I have reused the plotting function mentioned under banking tab.
healthcare_stock_names <- c('HARTA', 'SUPERMX', 'TOPGLOV')
png(filename="healthcare_stock_prices.png", width=1400, height=400)
p1 <- plotLineChart(healthcaredf, healthcare_stock_names[1])
p2 <- plotLineChart(healthcaredf, healthcare_stock_names[2])
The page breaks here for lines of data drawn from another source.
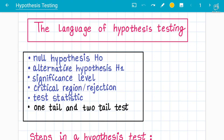As-salamu alaykum students, your instructor Abdul Rafay here. Today we have the topic of hypothesis testing, which is A-level mathematics 9709 S2, in which hypothesis testing plays a major portion of this syllabus. In these videos we will be talking about the introduction concepts as well as how to solve the questions of past papers.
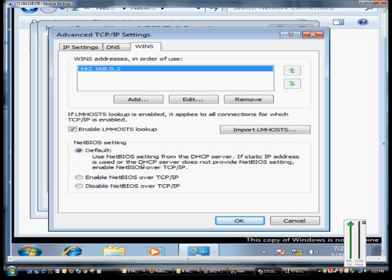Plus, you may want to override that setting, so you can check Enable NetBIOS over TCP IP, or you can check Disable NetBIOS over TCP IP. Now, regardless of what the DHCP server has on it, it will use the settings that you choose.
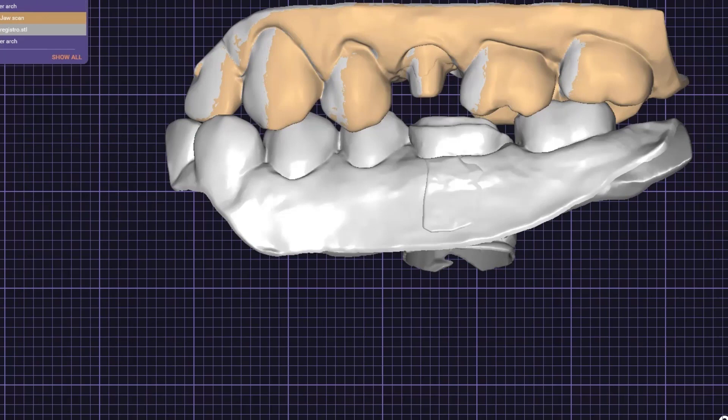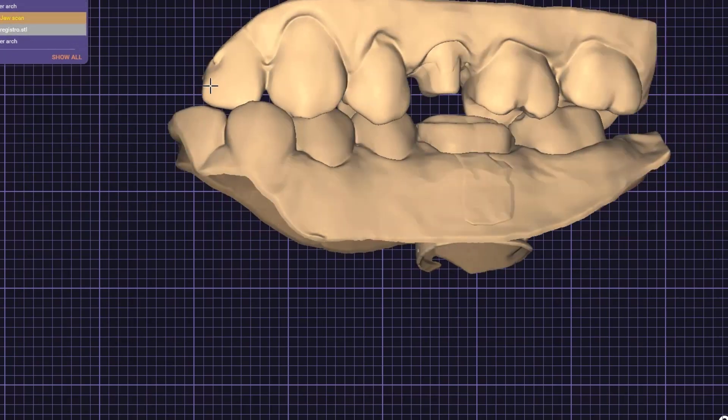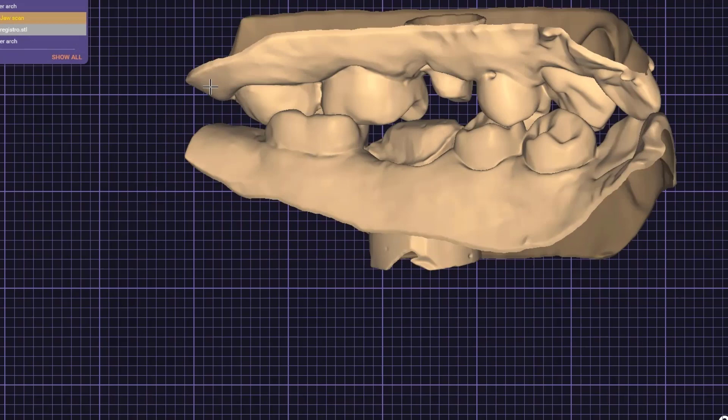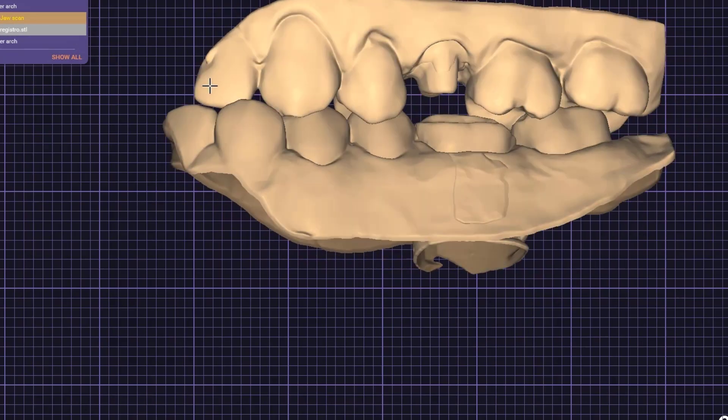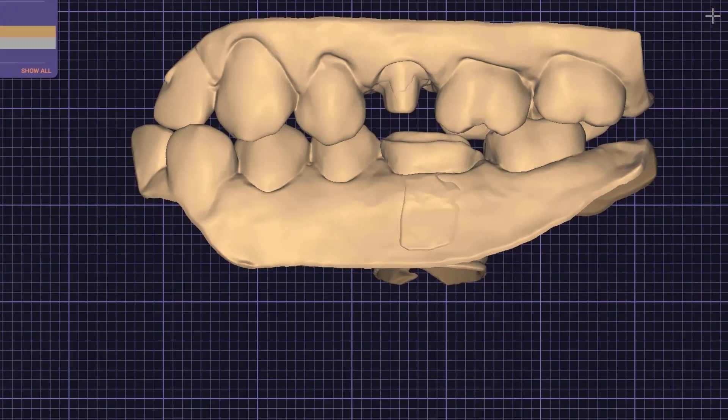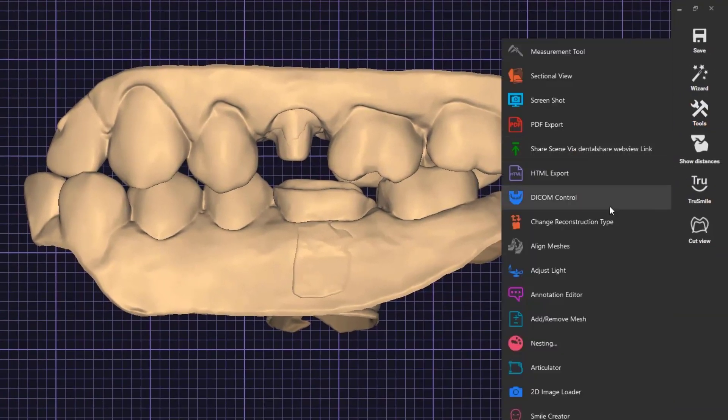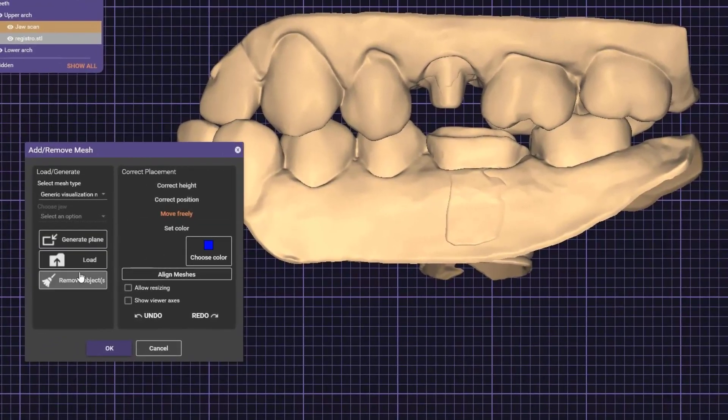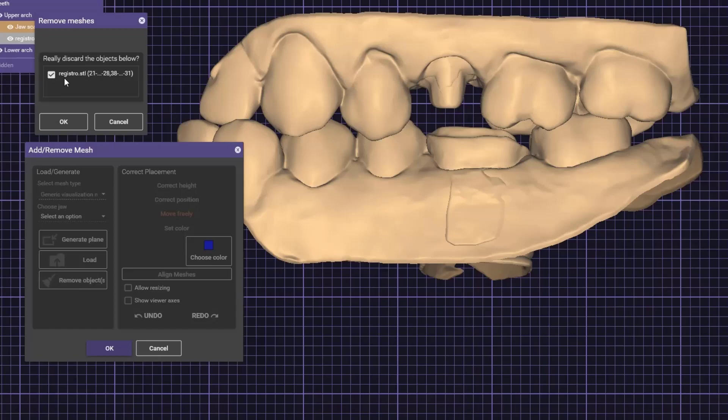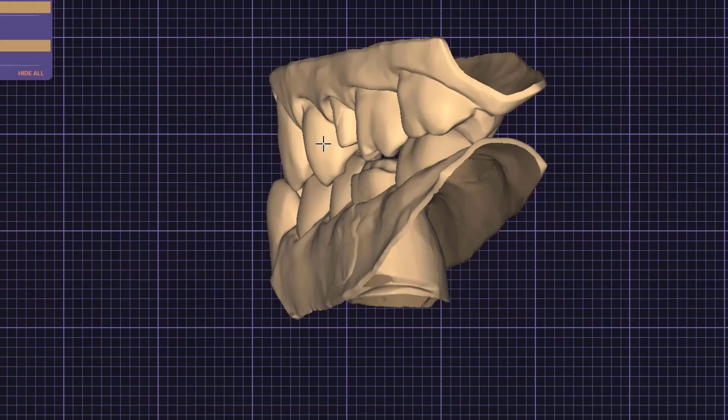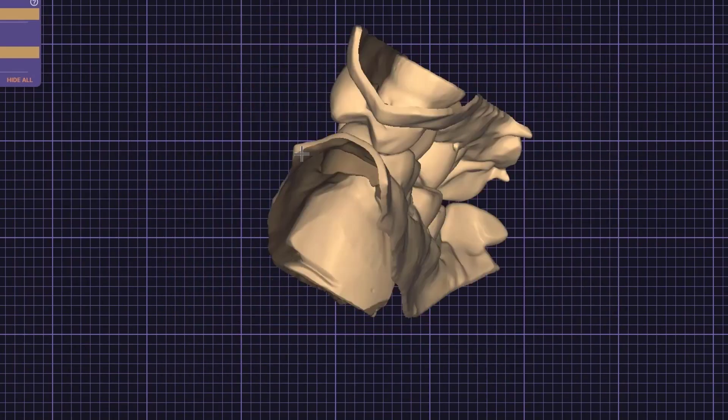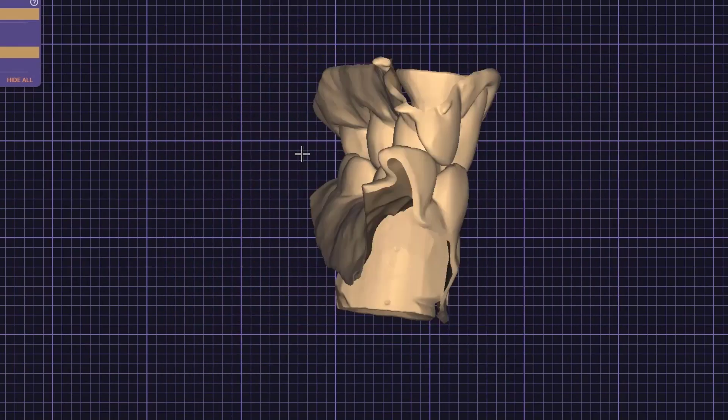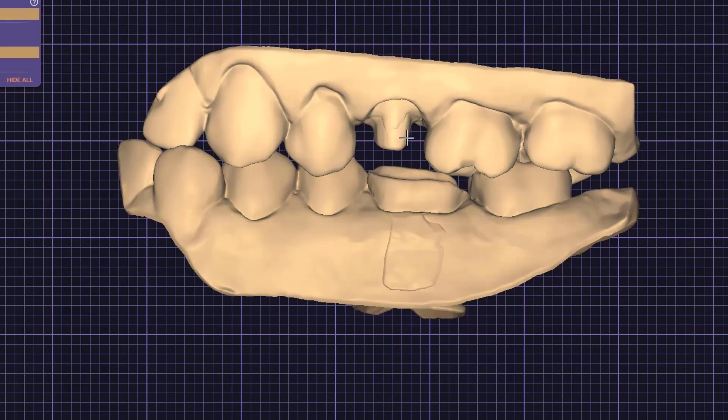As you can see, the scans are in the perfect position. Let's get rid of the bite scan. Remove object, select the STL of the bite scan, and click OK. That's it. Now we have the scans perfectly in the correct occlusion.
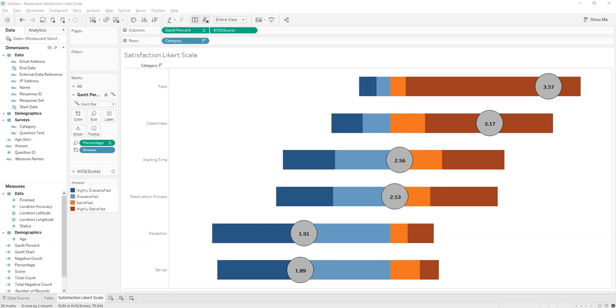Hello, it's Peter Kerbal here from datasciencing.com. In this video I'm going to create a Likert scale using restaurant satisfaction survey data.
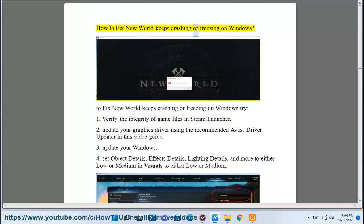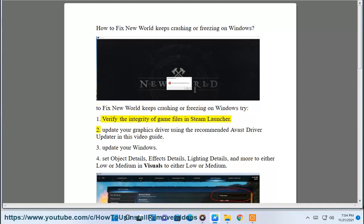How to fix New World keeps crashing or freezing on Windows. To fix New World keeps crashing or freezing on Windows, try: 1. Verify the integrity of game files in Steam Launcher.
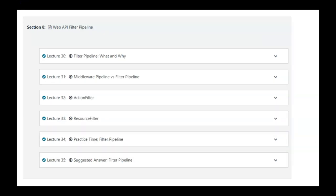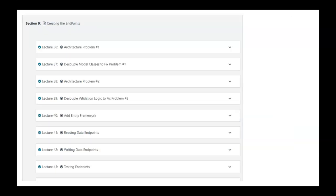In section number 8, we're learning about a filter pipeline that will help us to process the data before our Web API actually executes. In the next section, we're going to work on creating those endpoints that support our application. In section number 9, we're going to work on creating endpoints that implement the functionalities and support the data that we need in this course. I not only cover the steps of implementation, but also the reasoning behind everything, including architectures and best practices. We have a lot to cover, so let's get started.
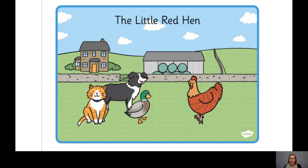Remember, you can either pause it on each of the pictures because I might go a little bit fast for you. But if not, keep going. Enjoy retelling the story of the little red hen. Are you ready? Then off we go.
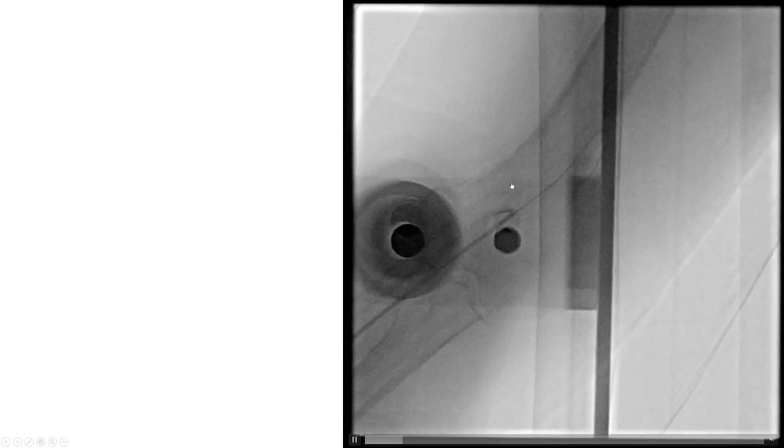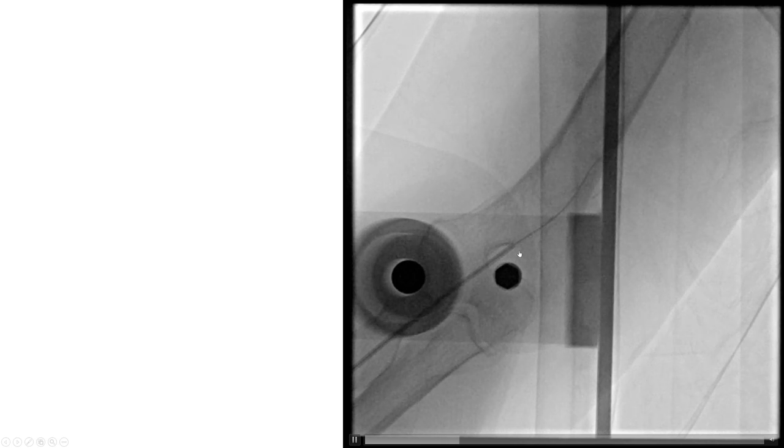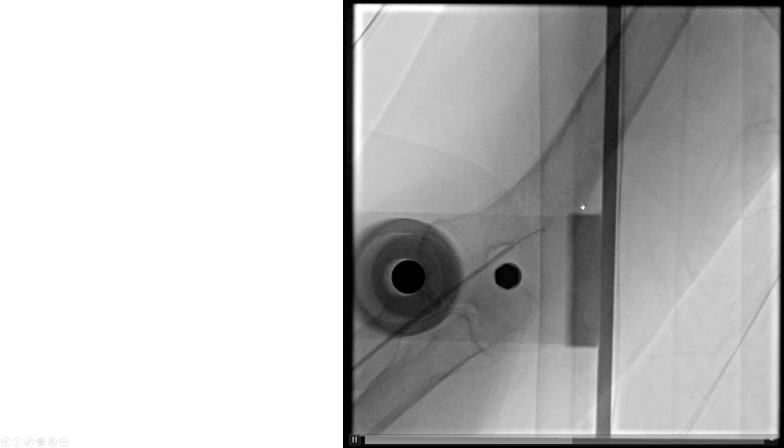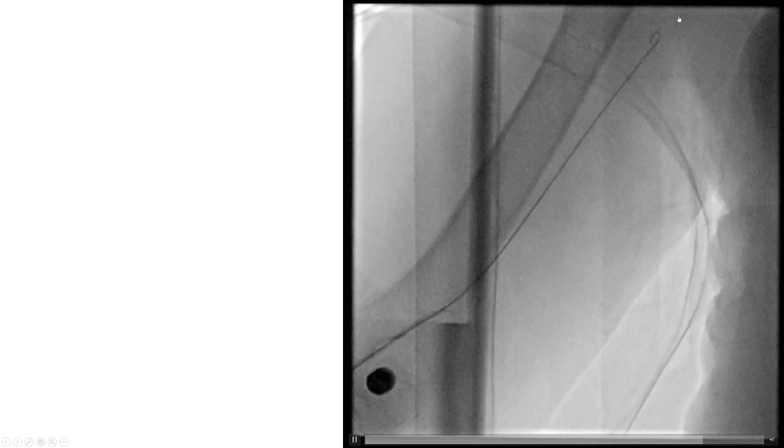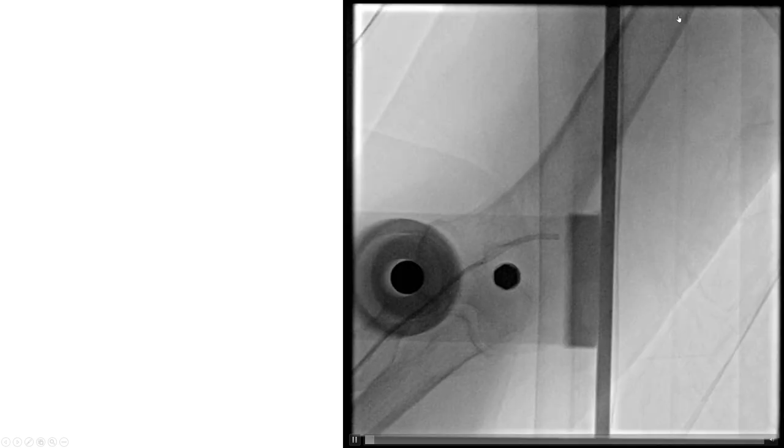Eventually, the 0.014 wire straightened out the loop and facilitated subsequent catheter advancement. The catheter was advanced further past the area of loop; however, there was still difficulty getting the wire up, as the 0.014 wire kept entering a side branch. The solution was to advance a J-tipped wire — the J-tip prevented the wire from getting into the side branch, and then the catheter could be advanced further up into the brachial artery.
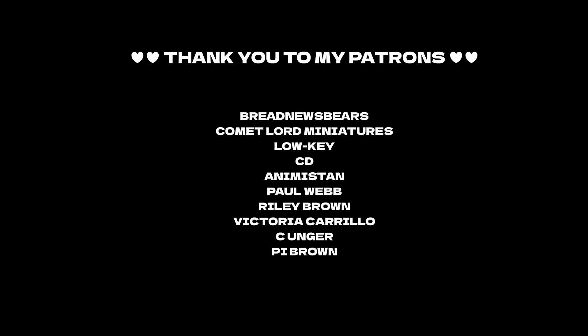Thank you to BreadNewsBears, Comet Lord Miniatures, Loki, CD, Animistan, Paul Webb, Riley Brown, Victoria Carrillo, C Unger, and PyBrown. Thank you all so much.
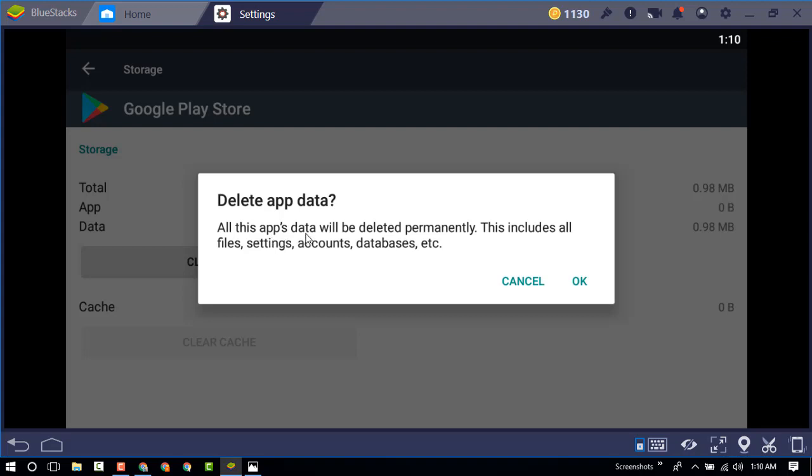All these apps data will be deleted permanently. This includes all files, settings, accounts, databases, etc. Okay, now press OK.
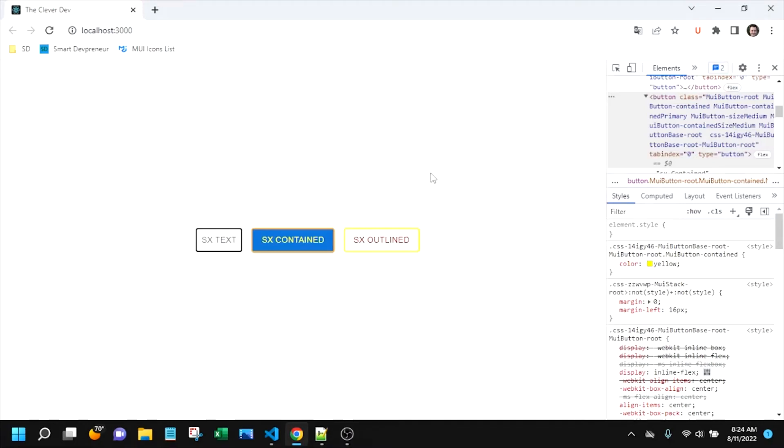Hello and welcome to another episode of the Clever Dev. Today we are going to look at MUI button color and we'll look at the text color, the border color, background color.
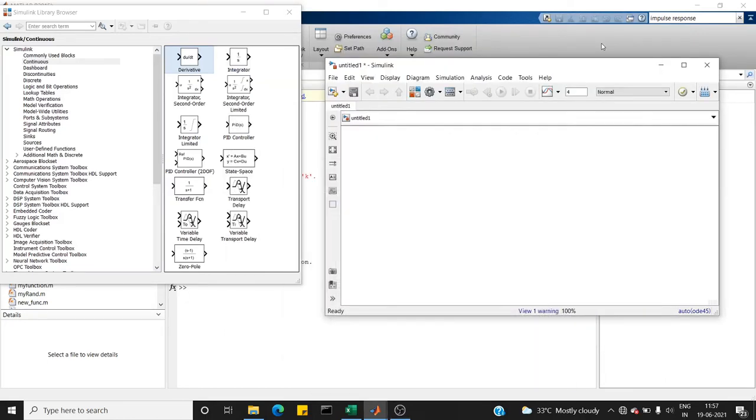Hi friends, welcome you all to DeepMetrics. In today's video, we are going to see how to generate an impulse response.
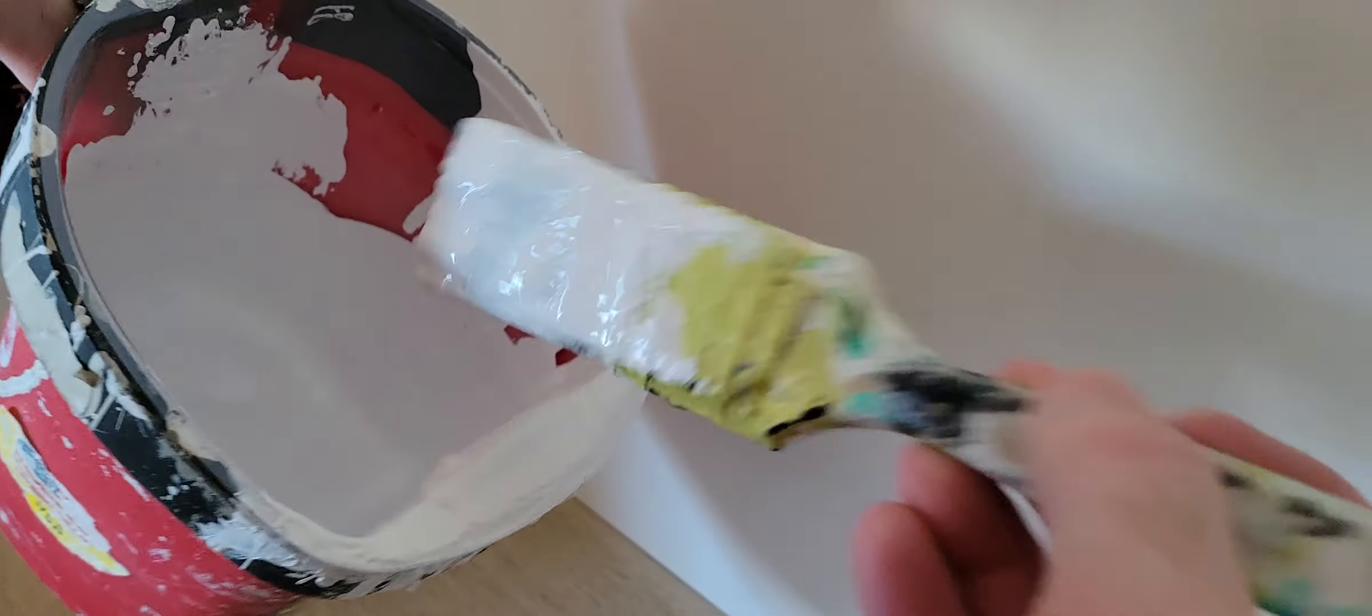Then you just go along the length of the baseboard and remember to have an inch and a half brush. Make sure you get the majority of the paint off and then on its side you're really letting the brush, the bristles do the work.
p3 <- plotLineChart(healthcaredf, healthcare_stock_names[3])
grid.arrange(p1, p2, p3, ncol=3)
dev.off()
These three stocks price movement is closely related, a very similar pattern for the whole sector.
Next, let’s plot out the trading volumes:
png(filename="healthcare_stock_volume.png", width=1400, height=400)
p1 <- plotHistogram(healthcaredf, healthcare_stock_names[1])
p2 <- plotHistogram(healthcaredf, healthcare_stock_names[2])
p3 <- plotHistogram(healthcaredf, healthcare_stock_names[3])
grid.arrange(p1, p2, p3, ncol=3)
dev.off()
The highest trading volumes are observed between August 2020 and September 2020.
From the charts, we can summarise that the prices of the golve stocks increased exponentially as the rise of covid 19 cased until third quarter of the year 2020. And the sharp decline in healthcare equipment stocks is closely followed by the first announcement of the covid-19 vaccine by Pfizer in November 2020.